Given a binary search tree (BST) with duplicates, find all the mode(s) (the most frequently occurred element) in the given BST.

Assume a BST is defined as follows:

  • The left subtree of a node contains only nodes with keys less than or equal to the node's key.
  • The right subtree of a node contains only nodes with keys greater than or equal to the node's key.
  • Both the left and right subtrees must also be binary search trees.

 

For example:
Given BST [1,null,2,2],

   1
    \
     2
    /
   2

 

return [2].

Note: If a tree has more than one mode, you can return them in any order.
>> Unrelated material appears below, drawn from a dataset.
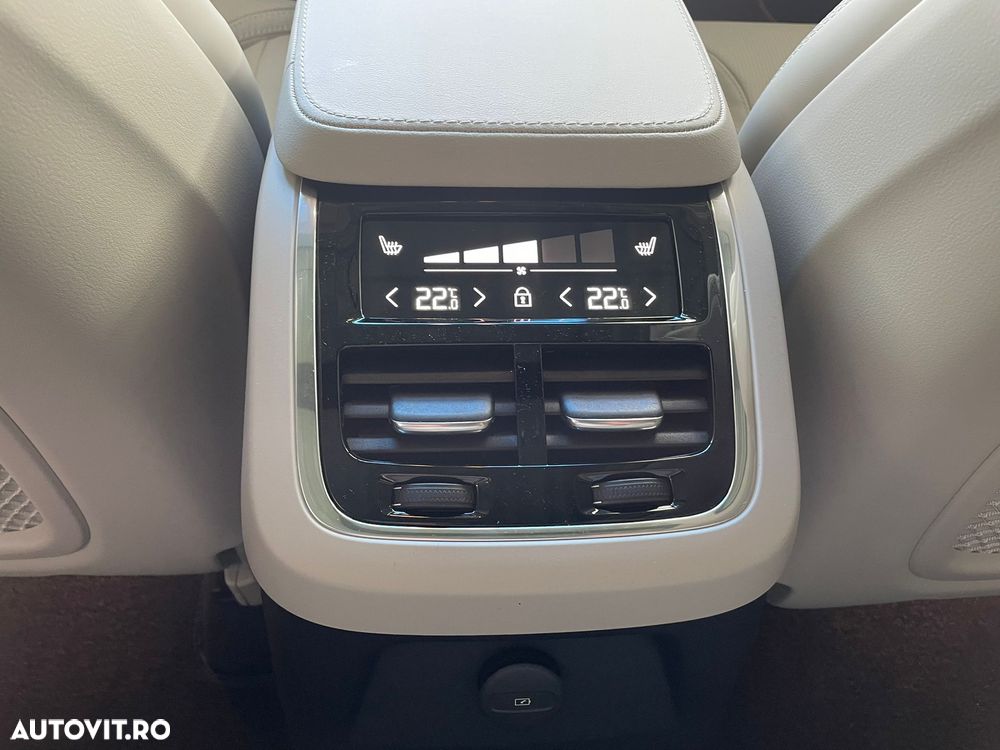 Volvo XC 90 T8 AWD PHEV Plus Bright - 10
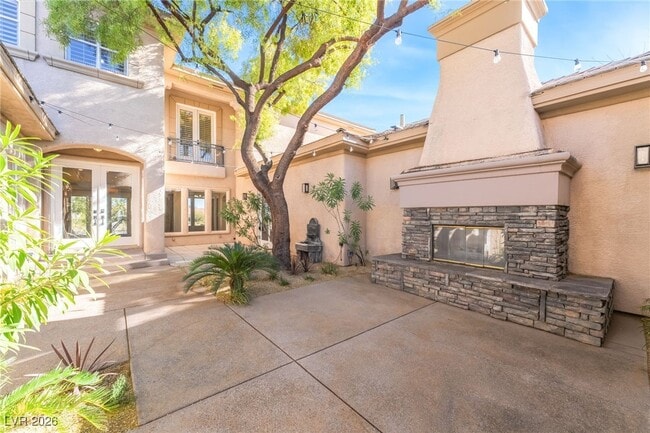 Building Photo - 904 Pont Chartrain Dr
Follow up: Could you do that without using any extra space? (Assume that the implicit stack space incurred due to recursion does not count).

public class Solution {
    Map<Integer, Integer> map; 
    int max = 0;
    public int[] findMode(TreeNode root) {
        if(root==null) return new int[0]; 
        this.map = new HashMap<>(); 
        
        inorder(root); 
        
        List<Integer> list = new LinkedList<>();
        for(int key: map.keySet()){
            if(map.get(key) == max) list.add(key);
        }
        
        int[] res = new int[list.size()];
        for(int i = 0; i<res.length; i++) res[i] = list.get(i);
        return res; 
    }
    
    private void inorder(TreeNode node){
        if(node.left!=null) inorder(node.left);
        map.put(node.val, map.getOrDefault(node.val, 0)+1);
        max = Math.max(max, map.get(node.val));
        if(node.right!=null) inorder(node.right); 
    }
}